By Starrla Cray
COKATO, MN Public speaking is one of America’s biggest phobias, but many students at HOPE Homeschool Co-op in Cokato are comfortable in front of a crowd.
“Anticipating the speech is hard, but then you get out there and it’s fun,” said Abigail Nelson, one of nine students in this year’s competitive speech class.
Other participants include Mason Erickson, Wesley Erickson, Cherish Jorgensen, Jewels Jorgensen, Tyi LaZarre, Mathias Lee, Aunne Nyquist, and Scott Michael Sundblad.
This year is unique, according to teacher Anna Froemming, because almost all the kids enjoy their time in the spotlight. Typically, about half of students in any given year are apprehensive.

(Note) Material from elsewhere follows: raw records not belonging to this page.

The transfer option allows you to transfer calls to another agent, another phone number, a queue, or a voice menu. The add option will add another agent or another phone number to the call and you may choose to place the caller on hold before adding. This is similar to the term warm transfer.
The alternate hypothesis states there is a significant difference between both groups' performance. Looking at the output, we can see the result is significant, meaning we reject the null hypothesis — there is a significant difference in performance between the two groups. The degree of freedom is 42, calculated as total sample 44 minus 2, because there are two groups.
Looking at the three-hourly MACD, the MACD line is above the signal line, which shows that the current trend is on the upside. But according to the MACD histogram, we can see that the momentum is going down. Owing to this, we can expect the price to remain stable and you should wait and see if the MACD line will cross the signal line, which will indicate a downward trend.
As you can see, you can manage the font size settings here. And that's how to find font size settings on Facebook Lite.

Anna knows firsthand what it’s like to be nervous in front of a group.
“My first speech was in college, and I was terrified,” she said.
Anna couldn’t have predicted that, years later, she’d be teaching a competitive speech class and traveling to multiple states for speech and debate tournaments with her family.

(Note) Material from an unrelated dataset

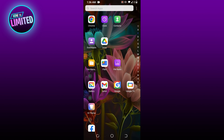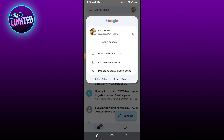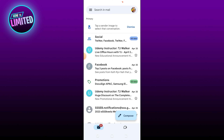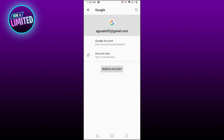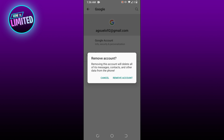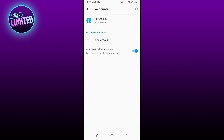Hey guys, in this video I'm gonna show you how to sign out of Gmail from your phone. To do this, open the Gmail app. In the top right, tap your profile picture, tap 'Manage Accounts' on this device, choose your account, and at the bottom tap 'Remove Account'. So that's all for this video guys.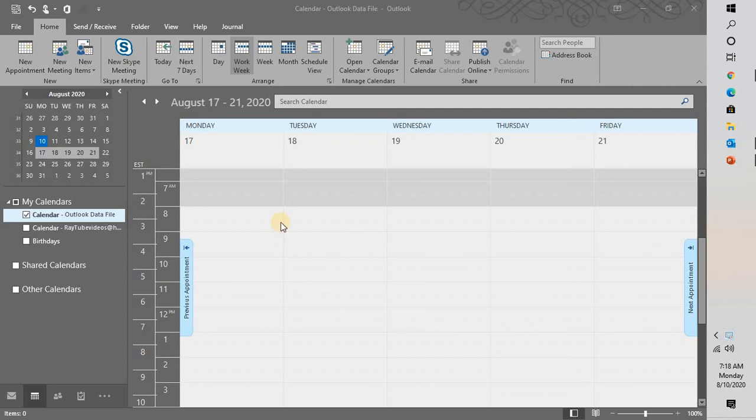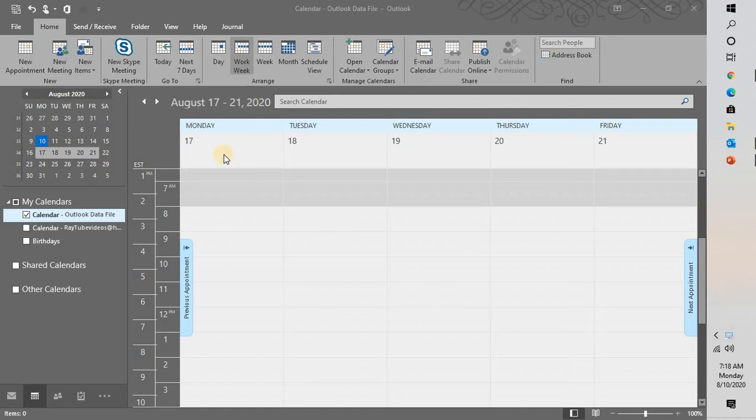Good day everyone, you're watching RadioFixes. On this video I'm going to talk about how to change work week in Outlook calendar. Now in Outlook calendar by default, when you select work week in your calendar, your work week would start from Monday to Friday from 8 a.m. to 5 p.m.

Her involvement began about 16 years ago, when her family was part of a homeschool co-op in Little Falls.
“My second-oldest, Lydia, was 12 at the time,” Anna recalled.
When Lydia heard that debate was being offered, she was immediately intrigued. Anna, on the other hand, was thinking, “Are you kidding? That sounds horrible.”

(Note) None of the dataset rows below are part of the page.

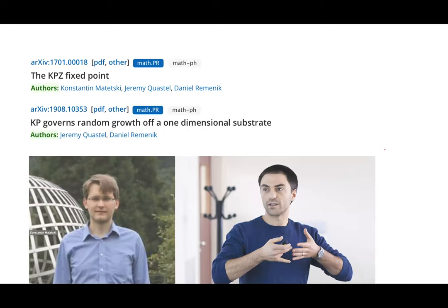Thank you very much, Jeremy, for your talk. A question from the chat: is there hope to obtain joint convergence to the KPZ fixed point at different times for a stronger topology than the finite dimensional one? I think that should be possible — nobody did that, but it sounds like a possible thing to do just using the Markov property. Jeremy, we lost sound briefly but you're back.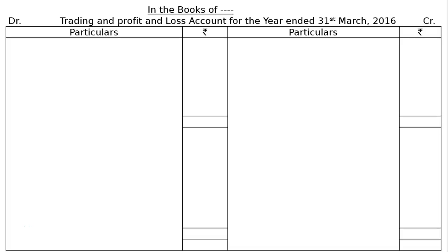The question requires us to prepare a Trading and Profit and Loss Account and Balance Sheet from the following balances relating to the year ended 31st March 2016. Additional information includes closing stock, depreciation on plant and machinery, bad debts written off of rupees 500, and a sum of rupees 40 due for repairs. We will start with the trading account, then profit and loss account, then balance sheet.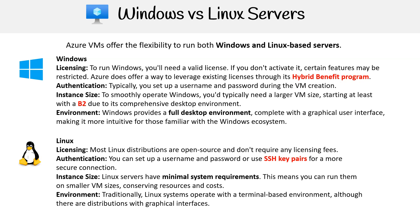Overall, your choice between Windows and Linux will largely depend on the specific needs of your project, your familiarity with the operating system, licensing costs, and desired system resources.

During the debate meeting, Anna waited in the car with her new baby, while Lydia and her older brother, Rian, got info about the program.
“When they came out, they had purchased the book and they were all excited,” Anna recalled.
‘Theatre of the mind’
After Lydia graduated, she started teaching speech and debate at various homeschool co-ops. Then, as Lydia became busy with young children, Anna used the curriculum to teach a class in Litchfield for one year.
“Someone found out, and asked if I’d be interested in teaching at HOPE Homeschool,” Anna said.
HOPE Homeschool meets every other Friday in Cokato, and consists of homeschool students from several communities. (Anna and her husband, Scott, currently live in Eden Valley.)
Anna’s class uses the guidelines of the National Christian Forensics and Communications Association (NCFCA), which equips students to think critically, and then articulate those thoughts.
Anna aims for a “fun and relaxed environment,” and uses games to help students feel more at ease. For one activity, three students each draw a “person, place, or thing” from a stack of cards. They then have one minute to confer before creating a scene together in front of class. Students from the audience then try to guess the words on the cards.
“Their final consists of an 8- to 10-minute memorized speech given at a mock tournament in front of a judge pool,” Anna said.
She noted that speech has been called the “theatre of the mind” because presenters engage their audience without the use of costumes or props.
If a child doesn’t participate in competitive speech, Anna encourages parents to find other ways for them to practice being in front of people.
All eight of Anna’s children (Rian, Lydia, Joseph, Mitchel, Ruth, Faith, Elsie, and Carl) have been involved in either speech or debate through the years.
While being interviewed for this article, she and her youngest two children were on their way to a speech tournament in Omaha, NE. Elsie and Carl both wrote speeches for the “originals” category, and had speeches prepared for the “open” category. They also performed a duo based on John Grisham’s book, “Skipping Christmas.”
In addition to providing practice and feedback, speech tournaments are a fun way to meet new people. The Froemmings often stay with host families, which makes the trips more affordable and enjoyable.
“We have friends all over the place,” Anna said.